With pictures left out, output exactly the lines from the line holding "Ricci,christina - Diese" through the end of the data, both included.

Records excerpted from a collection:
=== Begin Enclosure ===

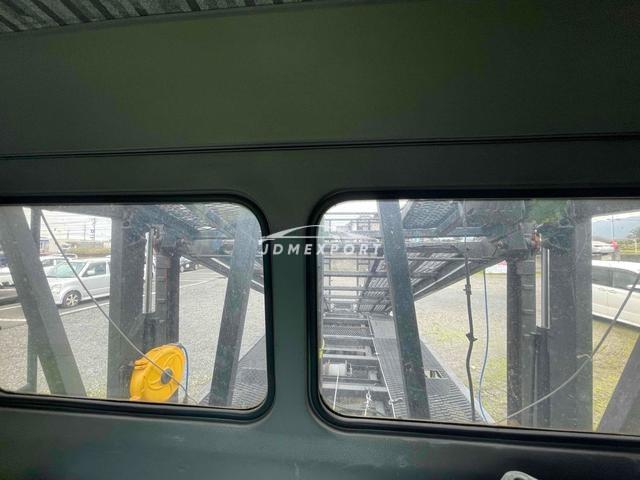 Hino Ranger 1989 thumbnail 30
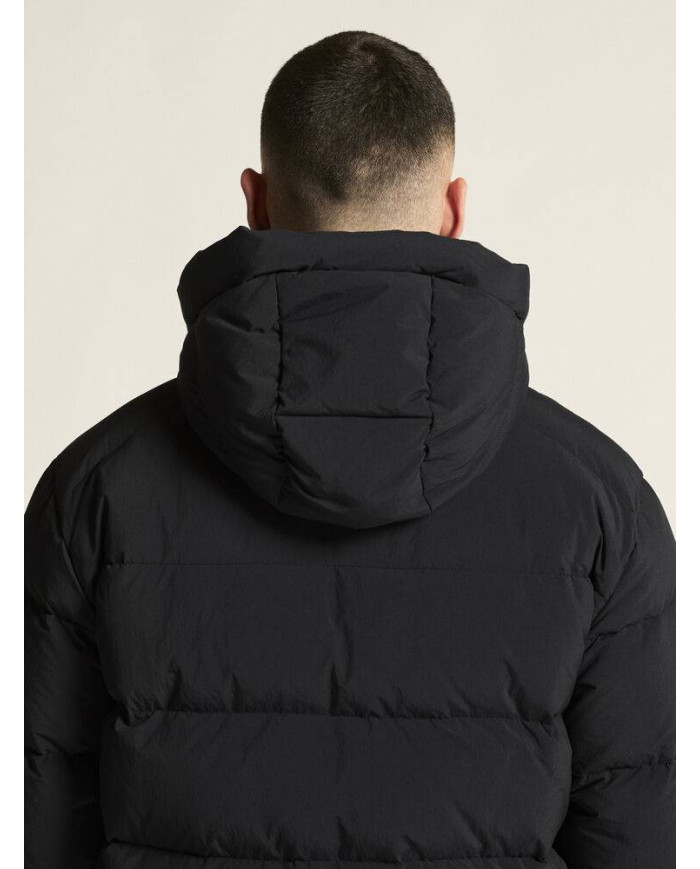 Urban Down Puffer Jacket M NEW WAVE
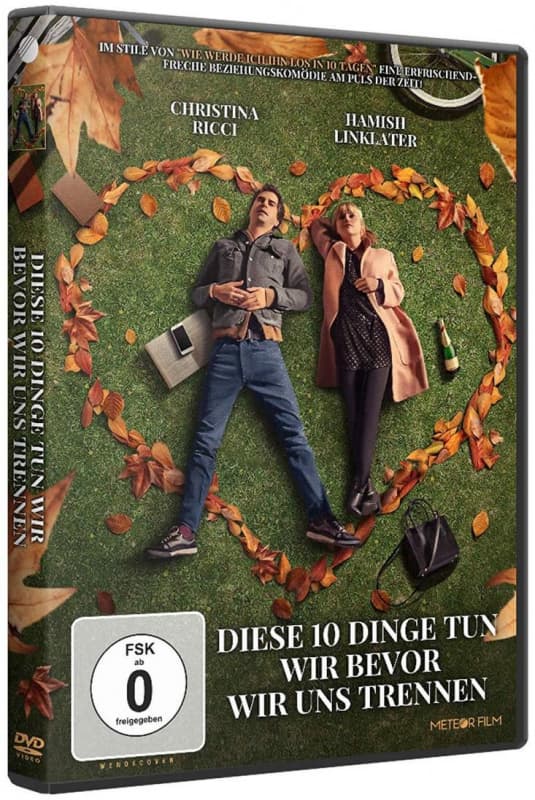 Ricci,christina - Diese 10 Dinge Tun Wir Bevor Wir Uns Trennen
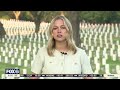 Memorial Day ceremony at Wood National Cemetery  | FOX6 News Milwaukee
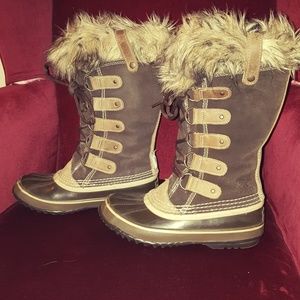 Sorel Boots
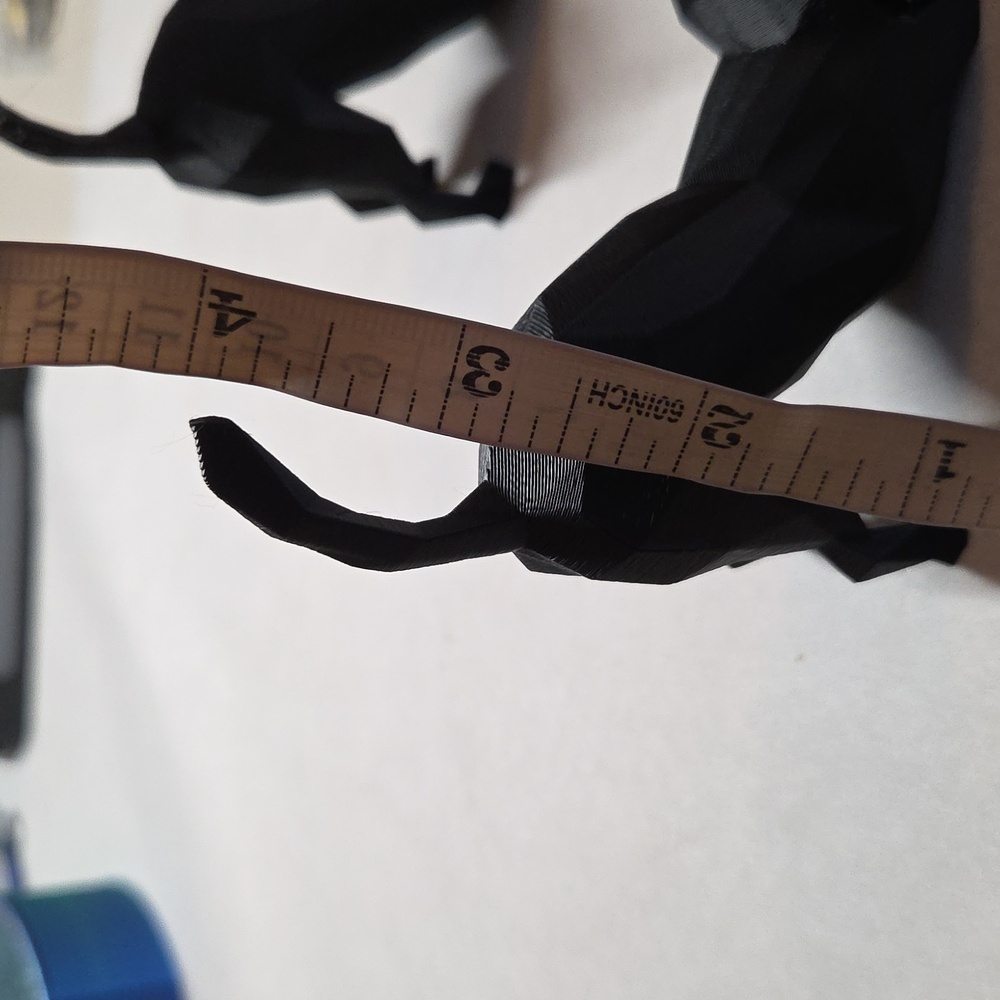 3-D Printed Cat or Dog Ring Holder - Picture 4 of 10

=== End Enclosure ===

→ **ANSWER FOR THIS EXERCISE**:
 Ricci,christina - Diese 10 Dinge Tun Wir Bevor Wir Uns Trennen
 Memorial Day ceremony at Wood National Cemetery  | FOX6 News Milwaukee
 Sorel Boots
 3-D Printed Cat or Dog Ring Holder - Picture 4 of 10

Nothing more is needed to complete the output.